И даже требовал: «…Вам должно с искренним смирением отречься от последней Вашей книги и тяжкий грех её издания в свет искупить новыми творениями, которые бы напомнили Ваши прежние».
Получив это послание, Гоголь не на шутку рассердился. В порыве гнева он начал писать Белинскому такой же «обличительный» памфлет, повторял его слова: «Вы стоите над бездною!»
Но всё-таки Николай Васильевич был христианином. Покровительство Николая Угодника помогало ему всегда. И Гоголь ответил Белинскому: «Желаю Вам от всего сердца спокойствия душевного, первейшего блага, без которого нельзя действовать и поступать разумно ни на каком поприще».
«Появление книги моей разразилось точно в виде какой-то оплеухи: оплеуха публике, оплеуха друзьям моим и, наконец, ещё сильнейшая оплеуха мне самому, – делился Гоголь с Василием Андреевичем Жуковским. – После неё я очнулся, точно после какого-то сна, чувствуя, как провинившийся школьник, что напроказил больше того, чем имел намерение. Я размахнулся в моей книге таким Хлестаковым, что не имею духу заглянуть в неё. Но тем не менее книга эта отныне будет лежать всегда на столе моем, как верное зеркало, в которое мне следует глядеться для того, чтобы видеть всё своё неряшество и меньше грешить вперёд…»
Гоголя не покидает его природный юмор. Он не теряет спокойствия, присутствия духа. Но вот что сообщает Аксакову 10 июня 1847 года: «Знаю только, что сердце моё разбито и деятельность моя отнялась. Можно вести брань с самыми ожесточёнными врагами, но храни Бог всякого от этой страшной битвы с друзьями! Тут всё изнеможет, что ни есть в тебе. Друг мой, я изнемог…»

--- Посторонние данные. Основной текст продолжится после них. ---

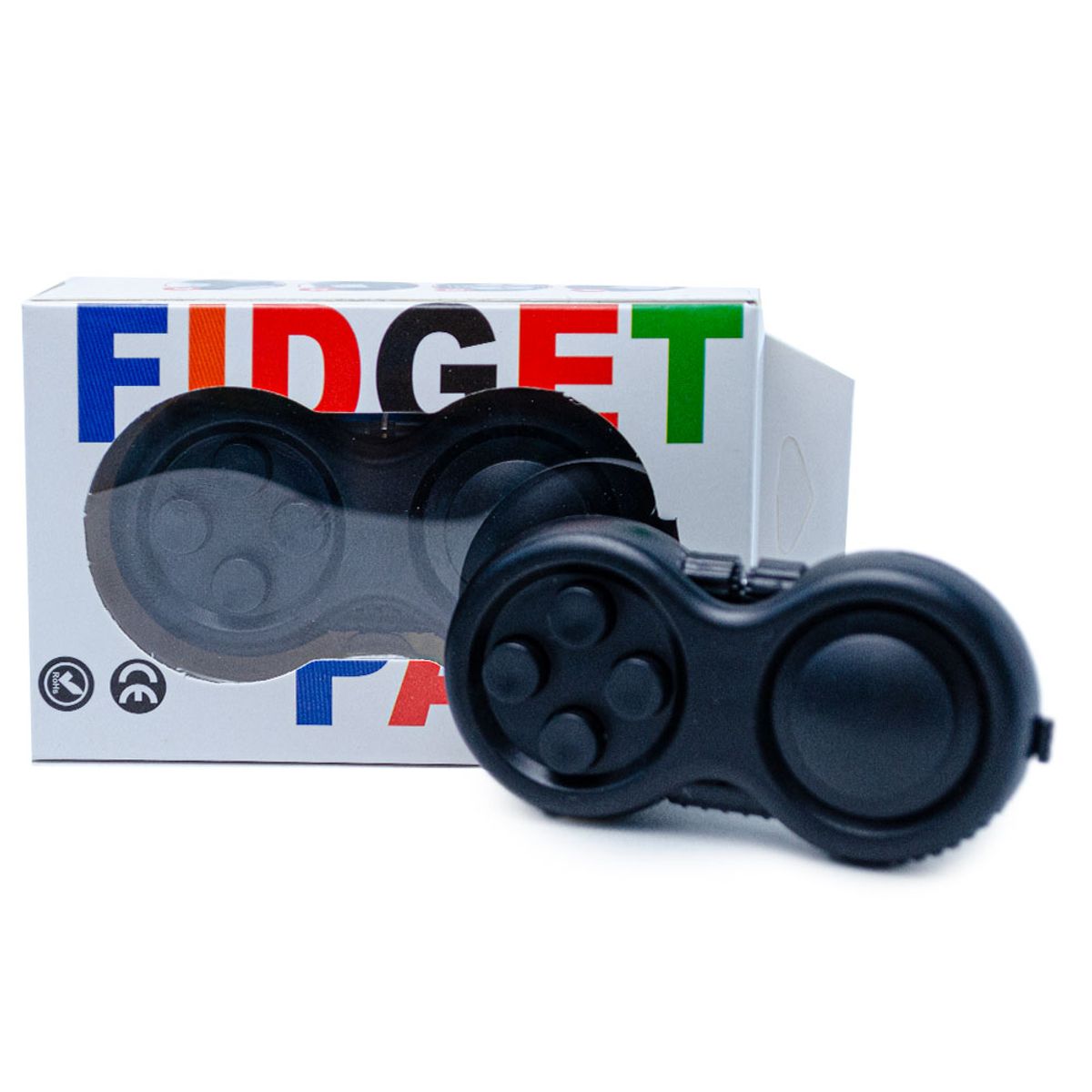 GENERICO - fidget tipo mando Fondo Negro Con Botones Negro FIDGET CUBE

Через некоторое время Николай Васильевич выполняет своё давнее желание и отправляется на Святую землю. В его письме Жуковскому есть такие слова: «Моё путешествие в Палестину точно было совершено мною затем, чтобы узнать лично и как бы узреть собственными глазами, как велика чёрствость моего сердца. Друг, велика эта чёрствость!
Я удостоился провести ночь у Гроба Спасителя, я удостоился приобщиться от Святых Тайн, стоявших на самом Гробе вместо алтаря, – и при всём том я не стал лучшим, тогда как всё земное должно бы во мне сгореть и остаться одно небесное».

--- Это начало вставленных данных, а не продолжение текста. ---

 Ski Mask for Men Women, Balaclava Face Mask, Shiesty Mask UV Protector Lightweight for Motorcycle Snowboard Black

И всё-таки Гоголь изменился после этой поездки. Об этом писала княжна Варвара Николаевна Репнина: «Лицо его носило отпечаток перемены, которая воспоследовала в душе его. Прежде ему ясны были люди; но он был закрыт для них, и одна ирония показывалась наружу. Она колола их острым его носом, жгла его выразительными глазами; его боялись. Теперь он сделался ясным для других; он добр, он мягок, он братски сочувствует людям, он так доступен, он снисходителен, он дышит христианством».